When questioning the topicality of the affirmative’s argument, you can use it as mitigation against their argument in rebuttal. You can then weigh the argument by telling the judge to evaluate your argument first since it is more topical than your opponent’s argument.

Outside of making a general rebuttal response, you can make a more thorough topicality response by creating a topicality shell. Topicality shells could be considered a type of theory shell, but I will explain the structure in this guide.

A topicality shell, like any other theory shell, has four parts: the interpretation, the violation, the standards, the voters, and the implications:

  1. Interpretation: this is how you would start the shell. You, as the negation, read your interpretation of a certain resolutional term and justify that definition to lead into why they don’t meet the interp.
  2. Violation: this explains why the affirmative team does not meet the interpretation of the term.
  3. Standards: the standards explain why the negation’s topical definition is important. It explains why debating the round with the negation’s definition better adheres to the intention of the resolution.
  4. Voters: think of voters as impacts. Voters explain why topicality is important, and why the affirmative violation is a reason for them to lose the round.
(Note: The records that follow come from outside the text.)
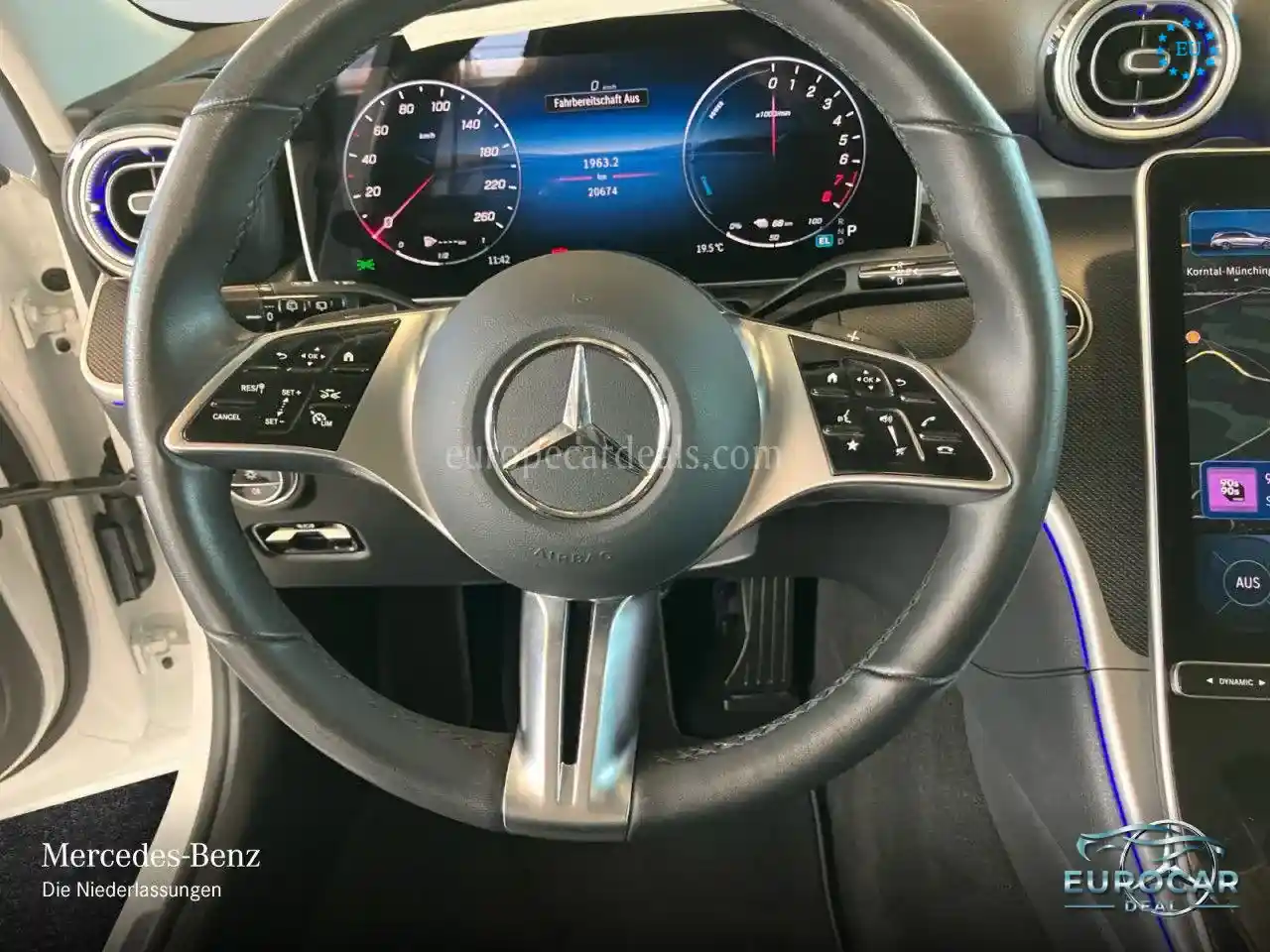 Mercedes-Benz C 300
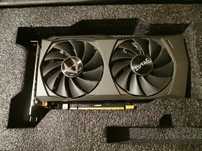 RTX 3060 TI 8G zotac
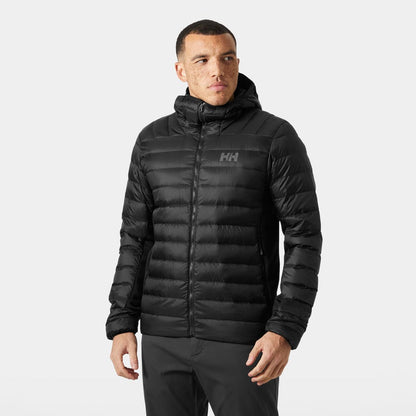 Men's Verglas Down Hybrid Hood 2.0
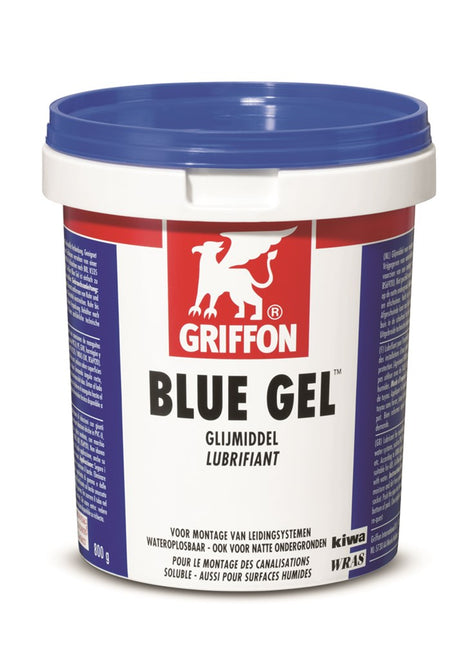 6140010 Griffon Blue Gel Pot 800 g NL/FR/EN/DE/ES/IT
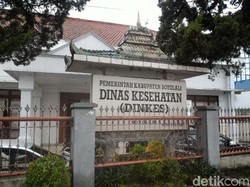 Di Boyolali, Penyakit Leptospirosis Juga Ditemukan di Ternak Warga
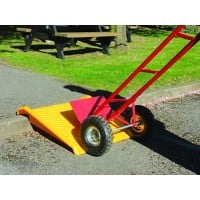 SLINGSBY Kerb Ramp Yellow 12 x 69 x 12 cm 389338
The voters will almost always be fairness and education.
  5. Implications: either to “drop the debater” or “drop the argument”

The idea behind initiating a topicality response is to challenge the validity of the affirmative’s argument. It answers a prior question in the debate: before we engage with the merits of the argument, we must determine whether the argument is something we can debate in the first place within the bounds of the resolution.